» WHAT YOU HAVE TO DO
Repeat exactly the lines from the start of the material below up to and including the "Ocean Breeze Homestays" line.

» THE INPUT
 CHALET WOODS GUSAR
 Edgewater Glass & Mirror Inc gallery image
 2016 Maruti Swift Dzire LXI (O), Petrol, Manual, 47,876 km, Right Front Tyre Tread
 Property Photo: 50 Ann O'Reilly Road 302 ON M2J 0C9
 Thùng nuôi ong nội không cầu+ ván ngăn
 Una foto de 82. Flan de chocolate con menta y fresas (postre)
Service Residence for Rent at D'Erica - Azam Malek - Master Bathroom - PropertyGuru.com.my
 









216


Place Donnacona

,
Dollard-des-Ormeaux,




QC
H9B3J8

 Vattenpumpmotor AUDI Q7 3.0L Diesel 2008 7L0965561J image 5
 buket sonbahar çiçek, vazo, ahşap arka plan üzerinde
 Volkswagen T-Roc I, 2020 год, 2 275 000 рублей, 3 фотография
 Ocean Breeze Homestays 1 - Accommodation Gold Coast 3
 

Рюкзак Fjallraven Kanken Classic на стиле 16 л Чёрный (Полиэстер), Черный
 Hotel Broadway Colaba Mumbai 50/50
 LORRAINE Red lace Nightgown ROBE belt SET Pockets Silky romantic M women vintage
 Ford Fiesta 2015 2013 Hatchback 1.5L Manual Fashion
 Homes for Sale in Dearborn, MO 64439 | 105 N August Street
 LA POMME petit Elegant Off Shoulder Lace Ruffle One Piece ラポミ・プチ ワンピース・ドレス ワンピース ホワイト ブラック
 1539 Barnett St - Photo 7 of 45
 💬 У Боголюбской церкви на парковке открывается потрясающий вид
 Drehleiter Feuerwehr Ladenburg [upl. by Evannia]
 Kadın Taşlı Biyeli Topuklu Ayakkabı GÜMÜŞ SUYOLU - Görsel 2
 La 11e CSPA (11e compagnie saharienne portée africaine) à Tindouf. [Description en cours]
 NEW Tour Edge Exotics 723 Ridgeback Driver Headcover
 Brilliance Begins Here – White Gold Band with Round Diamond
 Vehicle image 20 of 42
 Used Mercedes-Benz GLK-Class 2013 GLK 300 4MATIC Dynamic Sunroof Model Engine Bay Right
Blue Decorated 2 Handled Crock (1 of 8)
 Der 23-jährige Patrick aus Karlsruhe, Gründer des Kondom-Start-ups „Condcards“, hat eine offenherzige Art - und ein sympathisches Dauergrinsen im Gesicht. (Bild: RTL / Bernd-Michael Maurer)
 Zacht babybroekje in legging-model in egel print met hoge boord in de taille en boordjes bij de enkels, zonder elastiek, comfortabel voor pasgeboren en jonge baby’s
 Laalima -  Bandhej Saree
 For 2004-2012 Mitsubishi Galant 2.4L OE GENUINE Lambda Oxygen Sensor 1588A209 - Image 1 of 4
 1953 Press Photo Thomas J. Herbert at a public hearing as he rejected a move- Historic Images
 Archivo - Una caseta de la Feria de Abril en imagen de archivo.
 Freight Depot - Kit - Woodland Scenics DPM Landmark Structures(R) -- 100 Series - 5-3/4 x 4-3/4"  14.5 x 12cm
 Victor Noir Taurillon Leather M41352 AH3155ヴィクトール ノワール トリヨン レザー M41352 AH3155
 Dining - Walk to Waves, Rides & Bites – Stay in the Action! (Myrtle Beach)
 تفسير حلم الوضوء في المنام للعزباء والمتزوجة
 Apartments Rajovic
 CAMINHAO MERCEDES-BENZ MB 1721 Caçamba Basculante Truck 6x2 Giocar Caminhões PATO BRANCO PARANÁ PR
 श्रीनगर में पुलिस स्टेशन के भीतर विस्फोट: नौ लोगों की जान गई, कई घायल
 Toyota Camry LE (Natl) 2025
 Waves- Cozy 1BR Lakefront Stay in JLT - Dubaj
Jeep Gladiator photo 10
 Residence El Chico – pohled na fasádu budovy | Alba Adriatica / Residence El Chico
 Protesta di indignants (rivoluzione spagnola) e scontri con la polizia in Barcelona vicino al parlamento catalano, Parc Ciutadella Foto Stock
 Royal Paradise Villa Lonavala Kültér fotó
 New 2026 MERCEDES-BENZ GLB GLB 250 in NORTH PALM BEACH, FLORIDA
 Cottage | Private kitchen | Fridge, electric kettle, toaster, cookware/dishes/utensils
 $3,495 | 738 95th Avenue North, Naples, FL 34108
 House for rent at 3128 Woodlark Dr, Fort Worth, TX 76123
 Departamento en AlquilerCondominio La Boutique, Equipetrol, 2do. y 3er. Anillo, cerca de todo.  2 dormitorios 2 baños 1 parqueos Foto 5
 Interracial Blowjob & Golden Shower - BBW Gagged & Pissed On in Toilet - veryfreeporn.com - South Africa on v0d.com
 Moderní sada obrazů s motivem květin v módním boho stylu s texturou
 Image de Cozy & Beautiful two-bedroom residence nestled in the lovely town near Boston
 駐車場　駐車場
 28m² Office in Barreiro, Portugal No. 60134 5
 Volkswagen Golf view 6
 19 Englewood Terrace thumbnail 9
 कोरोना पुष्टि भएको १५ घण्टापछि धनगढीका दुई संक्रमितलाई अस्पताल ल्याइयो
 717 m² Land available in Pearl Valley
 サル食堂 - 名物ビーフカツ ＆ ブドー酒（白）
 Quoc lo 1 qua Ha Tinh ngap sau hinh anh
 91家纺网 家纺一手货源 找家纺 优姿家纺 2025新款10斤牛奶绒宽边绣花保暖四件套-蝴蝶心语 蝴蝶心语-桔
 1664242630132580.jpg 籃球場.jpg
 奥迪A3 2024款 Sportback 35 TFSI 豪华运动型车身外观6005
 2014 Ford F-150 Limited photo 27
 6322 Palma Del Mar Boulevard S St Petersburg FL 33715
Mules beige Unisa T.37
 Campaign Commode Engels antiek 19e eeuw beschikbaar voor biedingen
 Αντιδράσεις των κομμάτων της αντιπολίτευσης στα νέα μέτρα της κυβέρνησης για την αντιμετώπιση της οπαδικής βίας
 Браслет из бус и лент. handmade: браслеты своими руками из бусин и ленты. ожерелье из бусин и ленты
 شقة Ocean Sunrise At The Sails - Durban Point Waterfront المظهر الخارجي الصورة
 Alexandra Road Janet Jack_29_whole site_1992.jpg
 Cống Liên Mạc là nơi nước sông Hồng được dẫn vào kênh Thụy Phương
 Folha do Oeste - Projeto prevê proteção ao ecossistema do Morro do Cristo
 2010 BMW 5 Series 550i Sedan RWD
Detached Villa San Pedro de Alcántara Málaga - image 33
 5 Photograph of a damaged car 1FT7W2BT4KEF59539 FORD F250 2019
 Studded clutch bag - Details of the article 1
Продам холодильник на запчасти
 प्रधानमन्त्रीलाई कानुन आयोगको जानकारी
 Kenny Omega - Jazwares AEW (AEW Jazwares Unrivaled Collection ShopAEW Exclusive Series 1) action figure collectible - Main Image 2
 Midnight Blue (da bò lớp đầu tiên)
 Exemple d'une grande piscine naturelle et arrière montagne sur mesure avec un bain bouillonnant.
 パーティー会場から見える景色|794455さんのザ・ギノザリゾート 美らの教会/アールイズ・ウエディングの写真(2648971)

» YOUR RESPONSE
 CHALET WOODS GUSAR
 Edgewater Glass & Mirror Inc gallery image
 2016 Maruti Swift Dzire LXI (O), Petrol, Manual, 47,876 km, Right Front Tyre Tread
 Property Photo: 50 Ann O'Reilly Road 302 ON M2J 0C9
 Thùng nuôi ong nội không cầu+ ván ngăn
 Una foto de 82. Flan de chocolate con menta y fresas (postre)
Service Residence for Rent at D'Erica - Azam Malek - Master Bathroom - PropertyGuru.com.my
 









216


Place Donnacona

,
Dollard-des-Ormeaux,




QC
H9B3J8

 Vattenpumpmotor AUDI Q7 3.0L Diesel 2008 7L0965561J image 5
 buket sonbahar çiçek, vazo, ahşap arka plan üzerinde
 Volkswagen T-Roc I, 2020 год, 2 275 000 рублей, 3 фотография
 Ocean Breeze Homestays 1 - Accommodation Gold Coast 3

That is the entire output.